For instance, do the # of mods also reroll or if there are 4 mods on the jewel before then there will also be 4 mods after?

If I remember correctly the item level does not change with this recipie, is that correct?


*Can't correct the title from 'charm' to jewel.

The ilevel goes down with the 6xpskull recipe.

When using this formula the new ilvl is as follows:

new_ilvl = 0.4*ilvl + 0.4*clvl

This means that if you repeatedly reroll an item the new ilvl is asymptotic to (2/3)*clvl. If the current ilvl < (2/3)*clvl the new ilvl will in fact be higher than the current ilvl (with Hell Cows ilvl is certain to decrease, even with a clvl 99 character, as the Hell cow level is area lvl 81, IIRC).

-Starcrunch

So getting a decent lld jewel (lvl 30 or less) will continue to be possible if i roll it with my with my lvl 91 char. Thanks for the help on that.

What about the # of mods?

It will be possible to get a jewel of req lvl 30 or less with a lvl 91 charater but not most likely.

The jewel ilvl will settle at 60 with a lvl91 character which will mean the jewel will be able to have up to req lvl 45 mods, in theory.

If you want lvl 30 or less jewels the ideal jewel ilvl would be 40 I do believe. Therefore you need a level 60 character for the rerolling.

(Of course I could be horribly wrong as I often am! :wink: )

What about the # of mods?
having 4 mods before the re-roll does NOT guarentee 4 mods after the re-roll.

you've "re-rolled" it, see? everything is up for grabs again.

When using this formula the new ilvl is as follows:

new_ilvl = 0.4*ilvl + 0.4*clvl

This means that if you repeatedly reroll an item the new ilvl is asymptotic to (2/3)*clvl.Help me out with the math, please (it's been a while...). Isn't it asymptotic to 2/5 clvl?

Thanks in advance,
DudSpud

Help me out with the math, please (it's been a while...). Isn't it asymptotic to 2/5 clvl?

Thanks in advance,
DudSpud

no. its (0.4 x ilvl) + (0.4 x clvl)

ergo, assuming an initial ilvl of 30 and a clvl of 90:

(0.4 x 30) + (0.4 x 90) = (12) + (36) = 48. so the new jool can have affixes up to lvl 48.

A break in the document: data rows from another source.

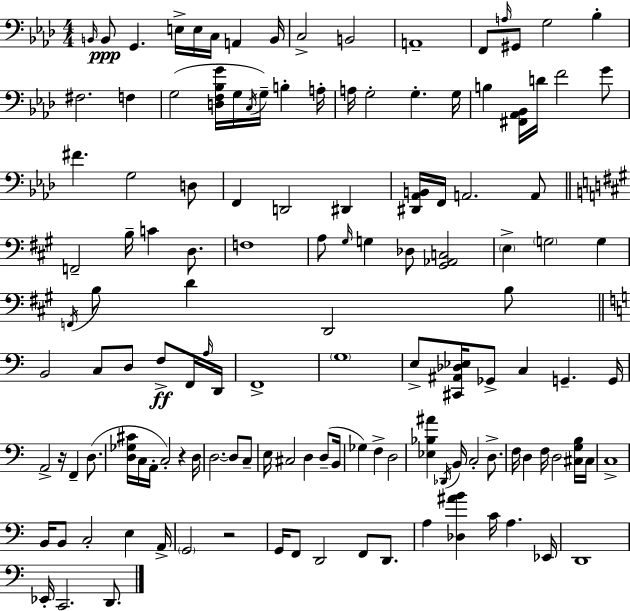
X:1
T:Untitled
M:4/4
L:1/4
K:Ab
B,,/4 B,,/2 G,, E,/4 E,/4 C,/4 A,, B,,/4 C,2 B,,2 A,,4 F,,/2 A,/4 ^G,,/2 G,2 _B, ^F,2 F, G,2 [D,F,_B,G]/4 G,/4 C,/4 G,/4 B, A,/4 A,/4 G,2 G, G,/4 B, [^F,,_A,,_B,,]/4 D/4 F2 G/2 ^F G,2 D,/2 F,, D,,2 ^D,, [^D,,_A,,B,,]/4 F,,/4 A,,2 A,,/2 F,,2 B,/4 C D,/2 F,4 A,/2 ^G,/4 G, _D,/2 [^G,,_A,,C,]2 E, G,2 G, F,,/4 B,/2 D D,,2 B,/2 B,,2 C,/2 D,/2 F,/2 F,,/4 A,/4 D,,/4 F,,4 G,4 E,/2 [^C,,^A,,_D,_E,]/4 _G,,/2 C, G,, G,,/4 A,,2 z/4 F,, D,/2 [D,_G,^C]/4 C,/4 A,,/4 C,2 z D,/4 D,2 D,/2 C,/2 E,/4 ^C,2 D, D,/2 B,,/4 _G, F, D,2 [_E,_B,^A] _D,,/4 B,,/4 C,2 D,/2 F,/4 D, F,/4 D,2 [^C,G,B,]/4 ^C,/4 C,4 B,,/4 B,,/2 C,2 E, A,,/4 G,,2 z2 G,,/4 F,,/2 D,,2 F,,/2 D,,/2 A, [_D,^AB] C/4 A, _E,,/4 D,,4 _E,,/4 C,,2 D,,/2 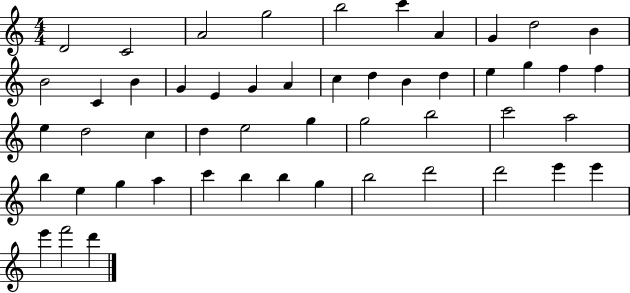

no. its (0.4 x ilvl) + (0.4 x clvl)

ergo, assuming an initial ilvl of 30 and a clvl of 90:

(0.4 x 30) + (0.4 x 90) = (12) + (36) = 48. so the new jool can have affixes up to lvl 48.The key to my question is "asymptotic." I'm guessing that you have taken Latin 101 ("ergo") but not yet trig (9th grade here in the States). My question is, what is the shape of the curve if you repeatedly re-roll the "jool." The gist is that the ilvl will continue to diminish, and so too the "new ilvl" with each re-roll. Eventually, it will reach a point where the re-roll will always be the same, so that new ilvl = old ilvl. This point is called the asymptote. My (aged) mind tells me the asymptote is at 2/5clvl, but my gut says it should be higher, and I cannot figure out where my math is wrong. Hence, my question.

Thanks,
DudSpud

err, remember, it's a two part formula. you can increase the clvl of the re-rolling char to "offset" the lowering ilvl from the 0.4 x bizzo.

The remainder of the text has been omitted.